Cosa dobbiamo aspettarci dal nuovo album dei Linkin Park? Una domanda da un milione di dollari, visto che la band di Mike Shinoda è abituata a frastornare tutte le nostre aspettative dopo ogni uscita. La loro nuova fatica, intitolata "The Hunting Party", non fa eccezione nemmeno a questo giro. Proprio quando c'eravamo più o meno abituati ad accostarli alla sperimentazione elettronica eccoti per le mani un disco dal cuore hardcore, registrato quasi completamente in analogico e senza troppi ammennicoli.
Una subitanea vampata di rabbia accoglie l'ascoltatore a braccia aperte per accompagnarlo traccia dopo traccia, senza pause: è questa la risposta esplicita di Shinoda al "soft indie pop" che gira nelle radio, un rock che i Linkin Park hanno voluto rigettare coi muscoli, riproponendo anche alcuni cliché del proprio sound.
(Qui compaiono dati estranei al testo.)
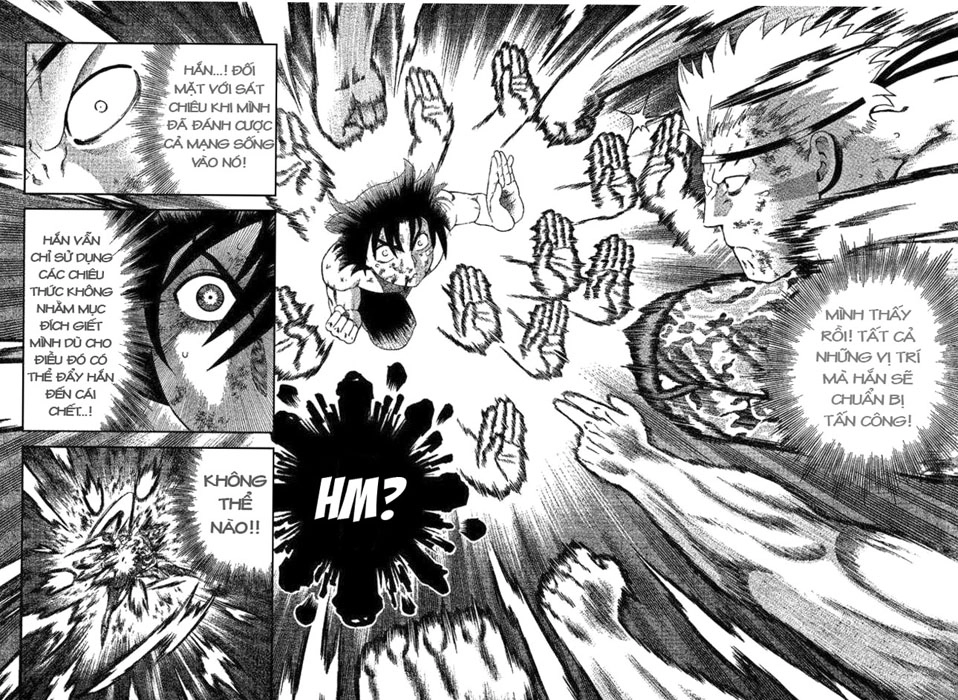 History’s Strongest Disciple Kenichi Chapter 304 - 7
"The Hunting Party", a giudicare dal nostro primo ascolto, ha aggiunto energia e decibel, ma ha tolto qualcosa all'originalità e alla personalità dell'insieme, che ora è più facile confondere con molte altre proposte simili degli ultimi anni. La differenza principale fra questo e gli album precedenti sta nello stile compositivo: mentre prima ogni elemento faceva parte di una struttura razionale, in cui era mirabilmente ordinato al proprio posto, questo è un disco sanguigno che nasce suonando assieme, senza troppa pianificazione. Nelle parole della stessa band, c'è del punk rock nella filosofia di questo album, un'ispirazione che si riflette in tutti i suoi eccessi, che siano le urla o il calpestio ritmico.
Ma il risultato di queste scelte non è sempre esaltante: molti di questi brani sembrano ricalcare certo punk/hardcore strepitante di una decina di anni fa, magari mescolato a quelle rappate che oramai non stupiscono più nessuno.
C'è da sperare per loro che le nuove generazioni in fase di crescita accolgano con favore questa recrudescenza sonora, in sprezzo a quel rock in cui la semplice distorsione a cento all'ora spesso non è più centrale. Tirano su la media, comunque, una manciata di pezzi in cui l'antico ascendente di Shinoda e soci sembra ancora vigoroso ("Guilty all the same" o "Rebellion" su tutti). Resta solo da capire se i fan perdoneranno qualche banalità di troppo o se il ritorno dei chorus roboanti non sarà stato una mezza cilecca. Potremo farcene un'opinione martedì prossimo, quando i Linkin Park saliranno sul palco dell'ippodromo di San Siro, a Milano, per vedere l'effetto che farà.